Nonetheless, life is good, at least until the police are at the door of the house he shares with Marie (Julie Walters), his wife of 41 years, telling him he’s been accused of a rape in 1993. All very Yewtree. He denies the allegation, and is assisted at a police interview by lawyer Jerome Sharpe (an electrifying Babou Ceesay).

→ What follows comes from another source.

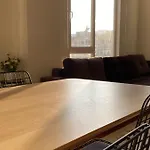 Merkezde Denize 100mt 2+1 Lägenhet *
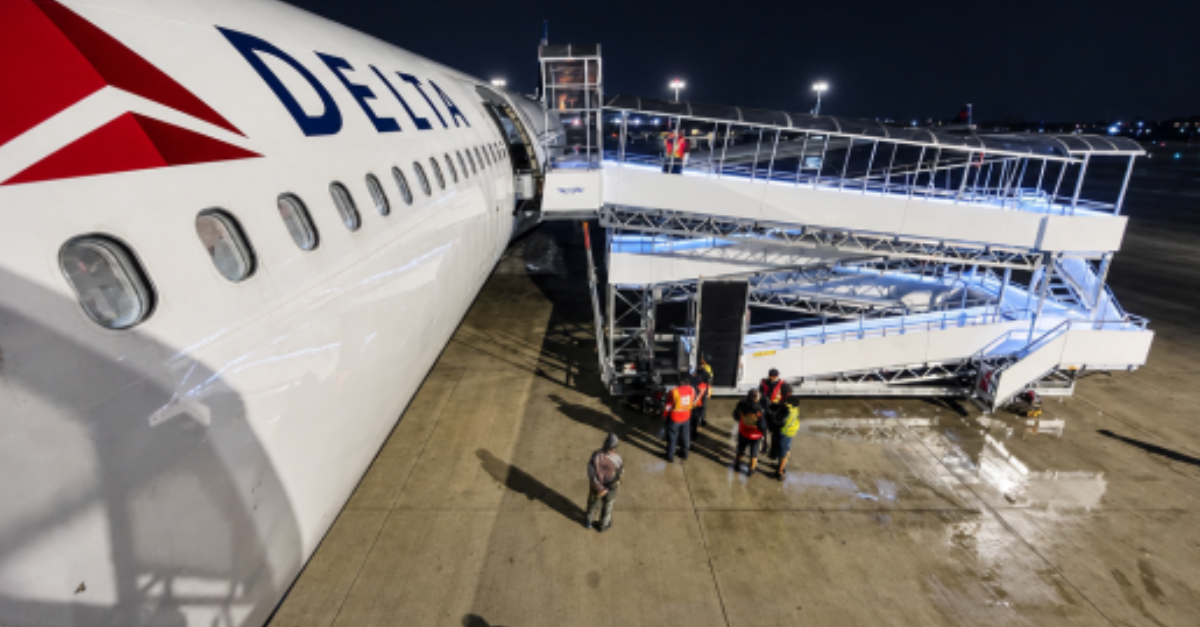 A Delta Air Lines começou a operar uma nova plataforma de embarque remoto no Aeroporto Internacional de São Paulo, em Guarulhos. A estrutura oferece um trajeto coberto e sem escadas entre o transporte terrestre e a aeronave, com foco em mais acessibilidade e conforto para os passageiros.

Segundo a companhia, a solução beneficia especialmente pessoas com mobilidade reduzida, famílias com crianças pequenas e passageiros que têm dificuldade para subir e descer escadas. A Delta afirma ser a única companhia aérea em Guarulhos a oferecer esse tipo de plataforma, dentro de uma estratégia mais ampla de acessibilidade que inclui recursos a bordo e solicitação de assistência pelo site ou aplicativo.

At first, and because Coltrane’s portrayal is so sympathetic, the protestation of innocence is all we have to go on. There’s more, though: it isn’t long before we find out about Paul’s serial infidelities, past and – as it turns out – present. There’s “violent” porn on his phone. His recovering addict daughter Dee (a brilliantly unsettling Andrea Riseborough) is in a halfway house, and during a remarkable scene recounts to Paul a dream she had about him, which hints at brutality and sexual abuse. And by the end of this first episode there are seven allegations of sexual crimes against him, including one made by the family babysitter, who would have been underage at the time. “They think”, Paul concludes, “I’m Jimmy fucking Savile”.

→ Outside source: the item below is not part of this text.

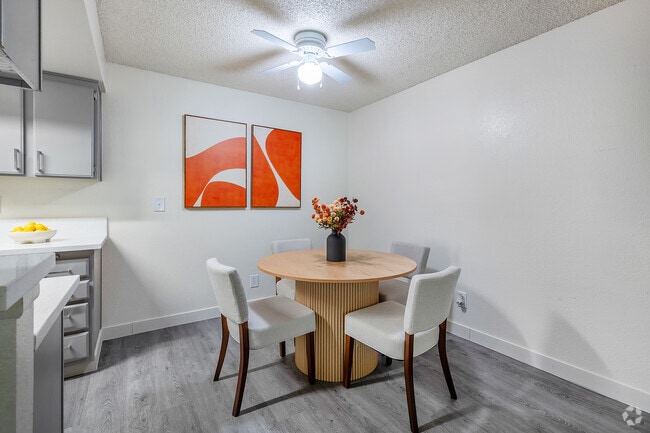 3BR, 2BA - 1,058SF - Dining Room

I’m always a little sceptical about British TV drama. I’d have to say, though, that National Treasure is comfortably one of the better ones I’ve seen over the past few years. Jack Thorne’s writing is on-point, with most of the scenes hitting the mark. The plotting, thus far, is intriguingly ambiguous. And the acting is excellent, particularly the two leads: Coltrane is entirely plausible as a larger-than-life entertainer with a hint of something darker, and Walters excels as the supportive and tolerant wife, evidently beginning to wonder whether by knowing about and accepting Paul’s unfaithfulness she has perhaps been overlooking or facilitating something much worse. The pacing is a little ponderous in places, in my view; but it’s British, after all, and at the end of the fourth episode I fully expect to be saying that it could have been done in three. That aside, though, I thought it was excellent.

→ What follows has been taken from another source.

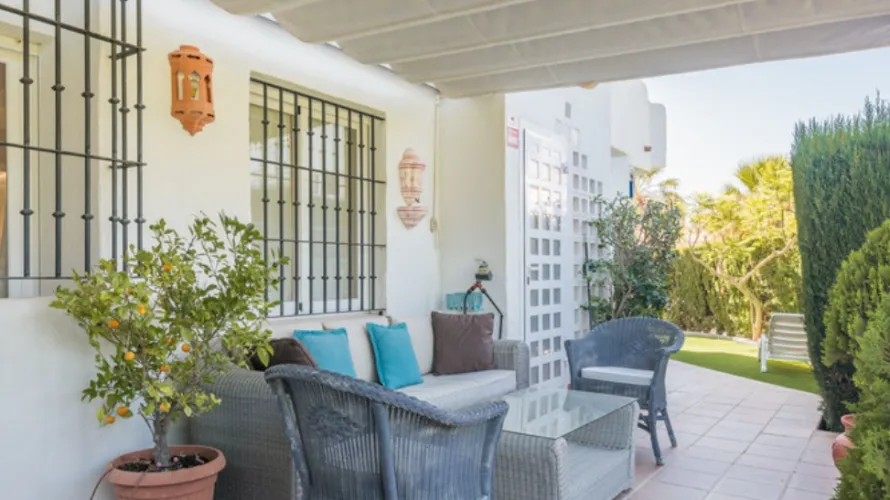 Apartment de 2 chambres à Marbella, Spain No. 617 № 15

For what it’s worth, my bet is that the series will end with Finchley’s guilt having been determined by the legal system one way or another, but with the viewer left in doubt as to what he actually did or didn’t do. The greater mystery, though, and it will endure, is why Robbie Coltrane – a powerful and subtle dramatic actor, a versatile comic actor, and a brooding, magnetic screen presence – hasn’t quite had the parts, or the career, that he should have had. He last won a BAFTA in 1996; the third of three, back-to-back, for his performance as Fitz in Cracker. If he’s as good in the next three episodes, I’d say a nomination at least is on the cards. This man is a proper star.